**Task item:** Please reproduce the entries below exactly, leaving the pictures out.

**Dataset excerpts:**
+ + + + + + +
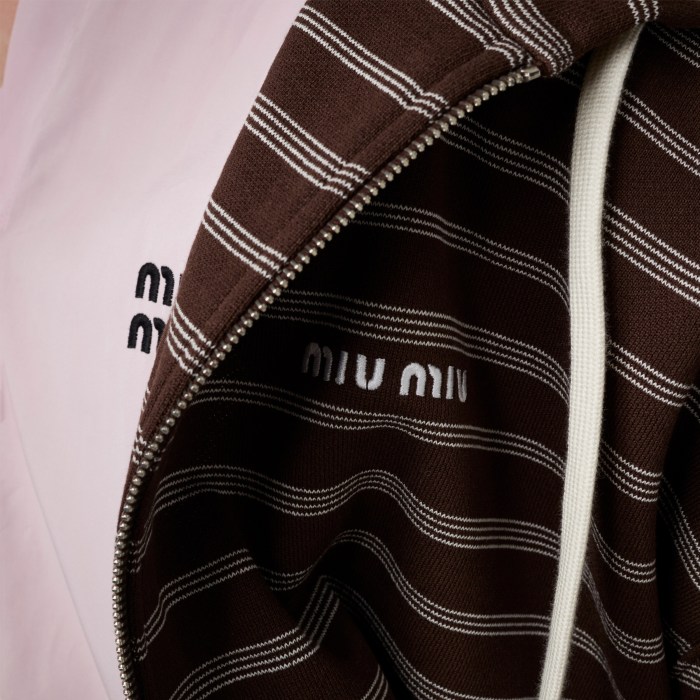 NIGO MiuMiu Women's Spring/Fall Contrast-Striped Cotton-Fleece Zipper Long-Sleeve Slim-Fit Hooded Jacket #nigo81547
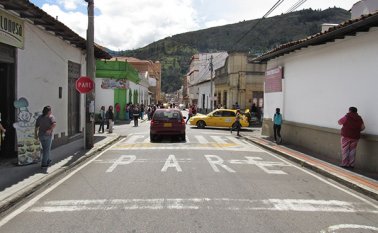 En la calle 4 con carrera 3, a pesar de que la comunidad pide mejorar la señalización,se aprecia tanto en el piso como a un costado de la vía, los pare. Se requiere cultura vial al movilizarse por el centro de Pamplona. Roberto Ospino
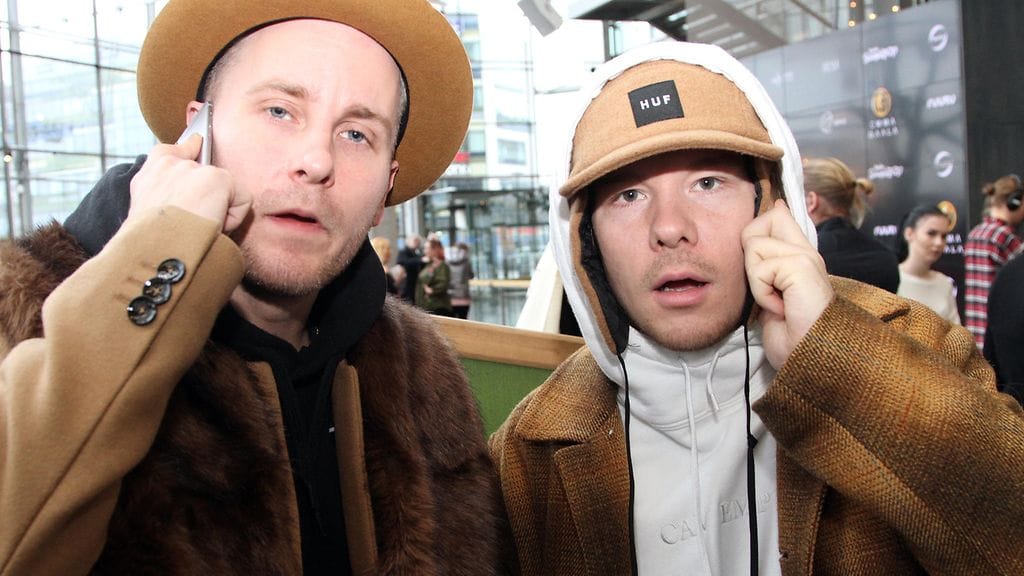 JVG eli Jare Brand ja Ville Galle Emma-ehdokkaiden julkistustilaisuudessa Helsingissä 14. joulukuuta 2016. Kuvaustilanne on humoristinen ja lavastettu.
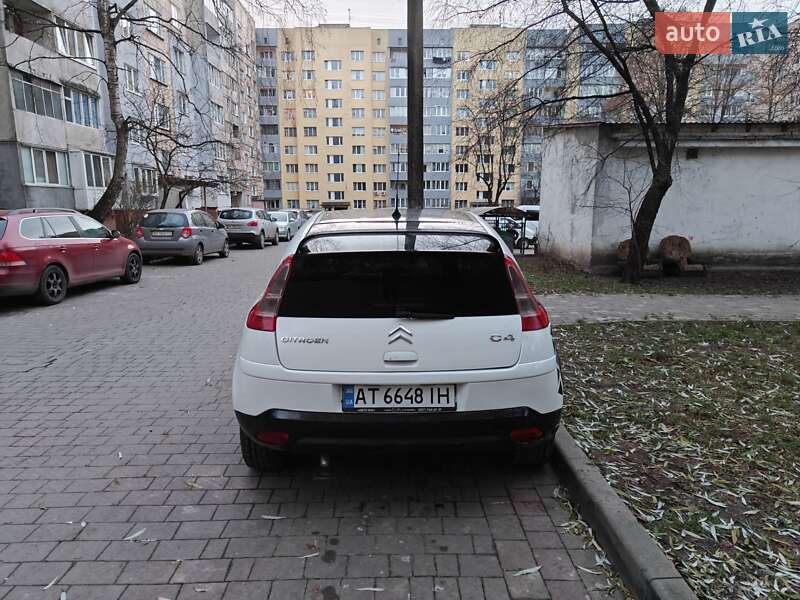 Хэтчбек Citroen C4 2008 в Львове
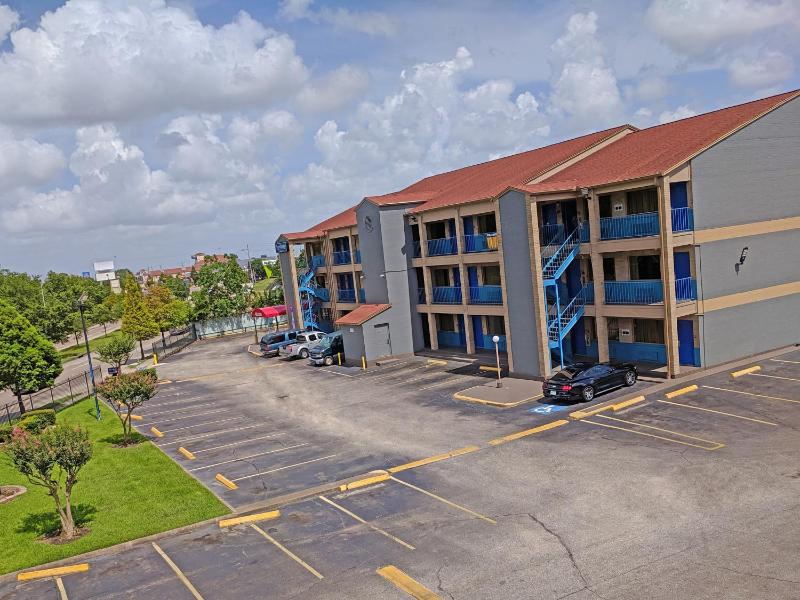 Travelodge by Wyndham Houston Hobby Airport - image 7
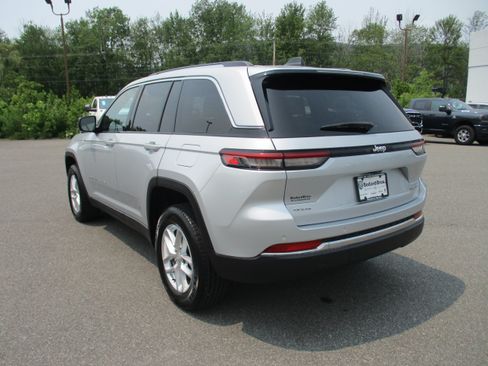 Certified 2023 Jeep Grand Cherokee Laredo X AWD/4WD image 7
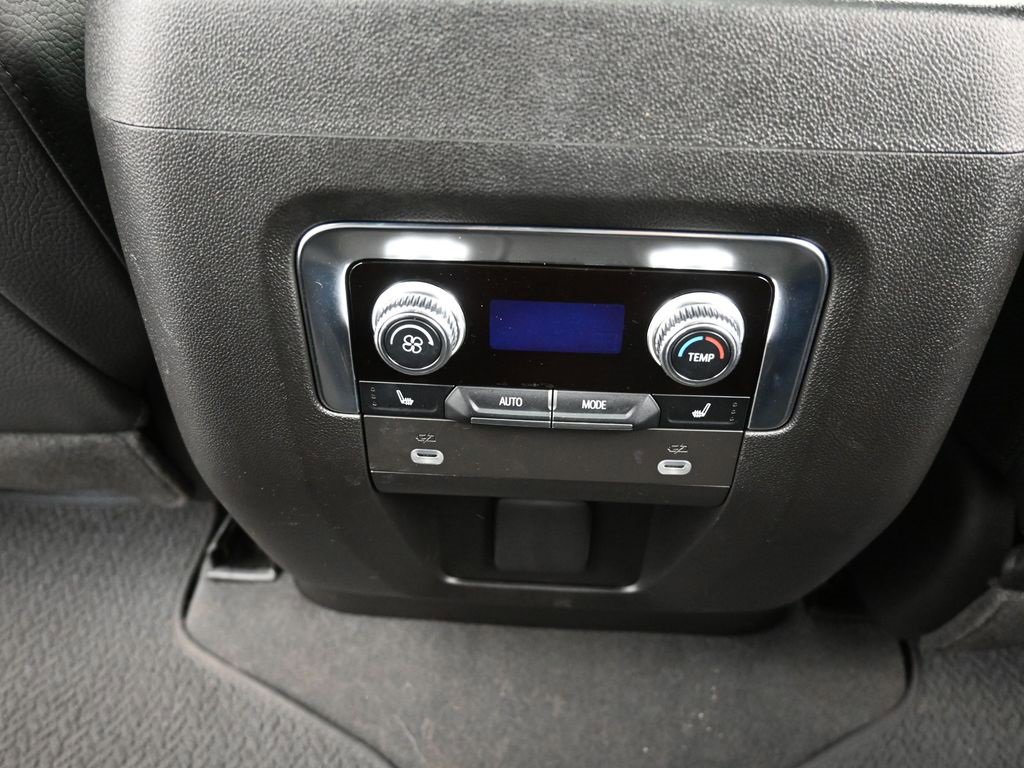 Used 2023 GMC Yukon Denali image 14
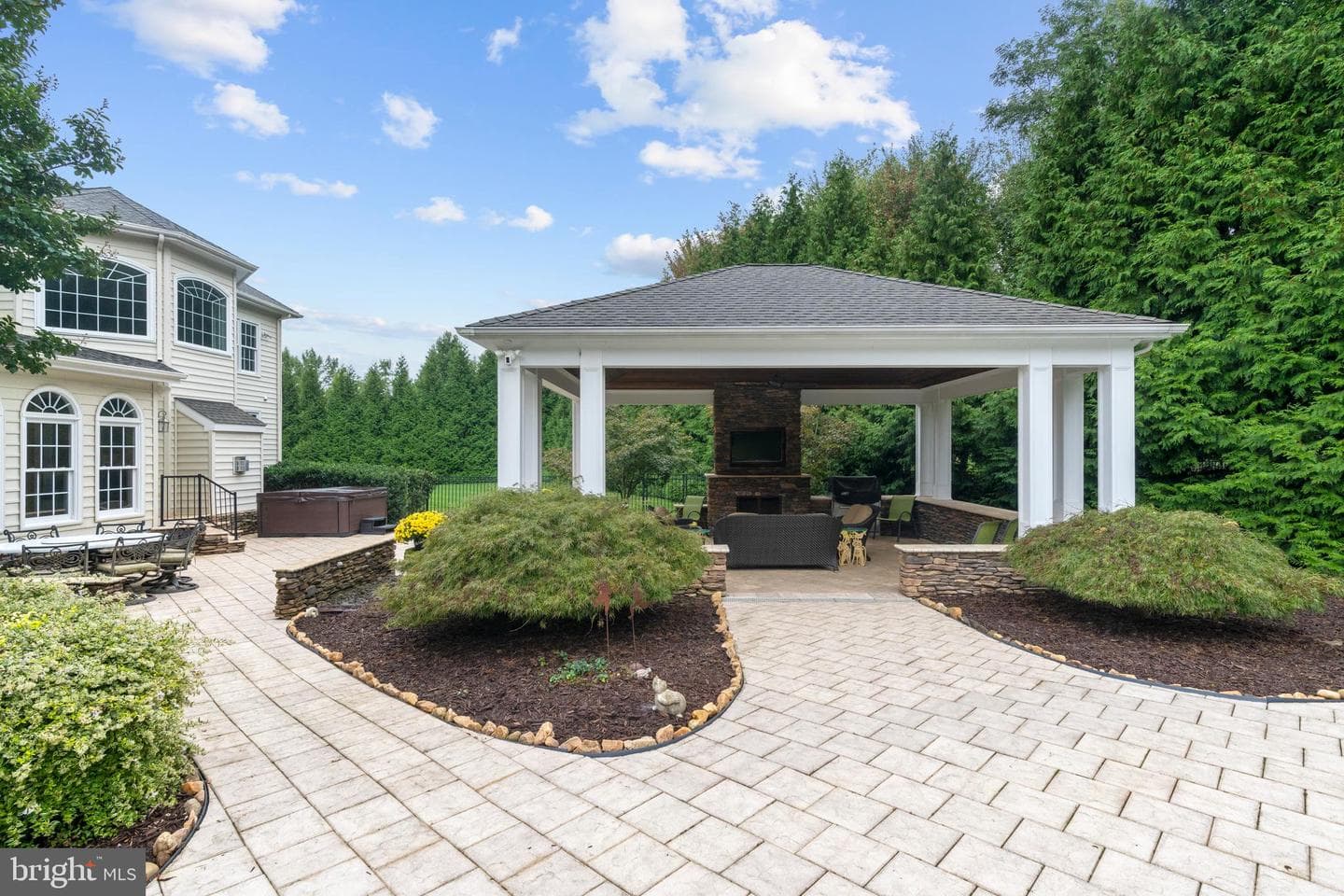 1310 Springvale Drive photo 55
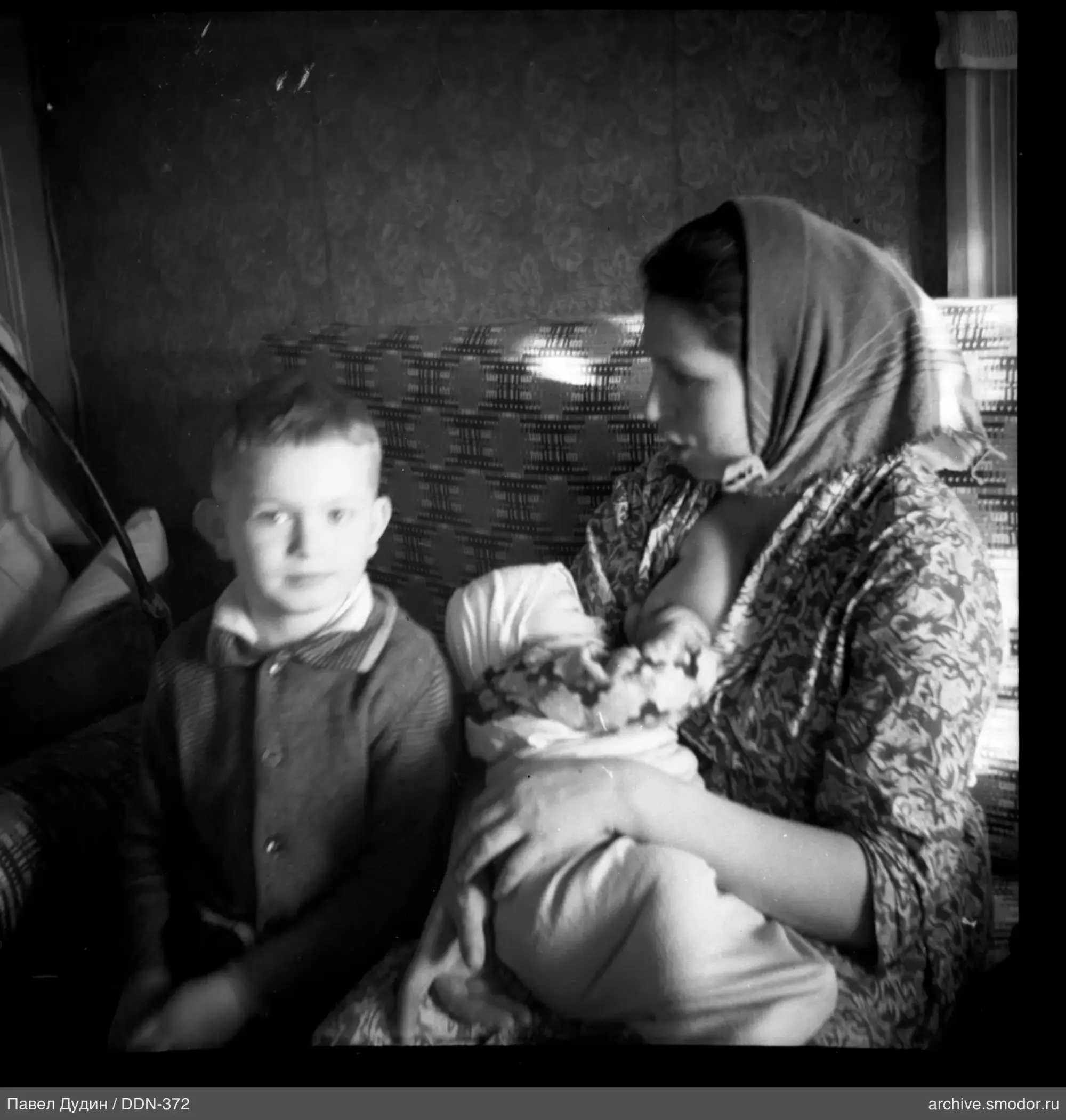 Frau mit Baby und Junge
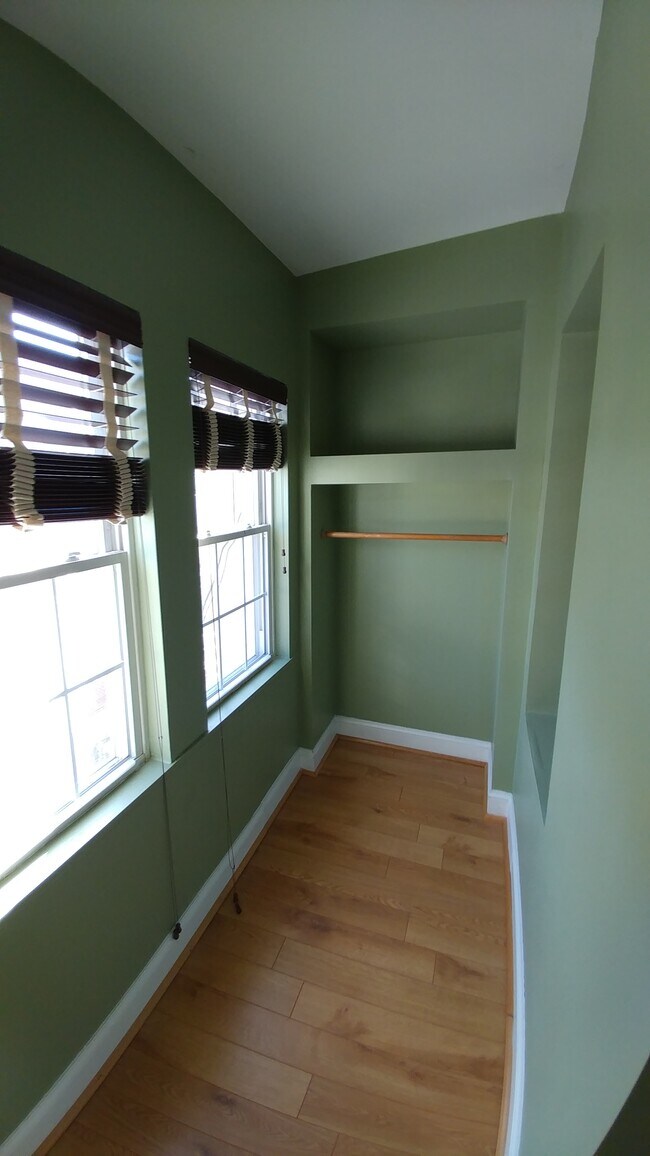 2nd Bedroom walk in closet - 3115 Fleet Street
+ + + + + + +
**Answer section:**
 NIGO MiuMiu Women's Spring/Fall Contrast-Striped Cotton-Fleece Zipper Long-Sleeve Slim-Fit Hooded Jacket #nigo81547
 En la calle 4 con carrera 3, a pesar de que la comunidad pide mejorar la señalización,se aprecia tanto en el piso como a un costado de la vía, los pare. Se requiere cultura vial al movilizarse por el centro de Pamplona. Roberto Ospino
 JVG eli Jare Brand ja Ville Galle Emma-ehdokkaiden julkistustilaisuudessa Helsingissä 14. joulukuuta 2016. Kuvaustilanne on humoristinen ja lavastettu.
 Хэтчбек Citroen C4 2008 в Львове
 Travelodge by Wyndham Houston Hobby Airport - image 7
 Certified 2023 Jeep Grand Cherokee Laredo X AWD/4WD image 7
 Used 2023 GMC Yukon Denali image 14
 1310 Springvale Drive photo 55
 Frau mit Baby und Junge
 2nd Bedroom walk in closet - 3115 Fleet Street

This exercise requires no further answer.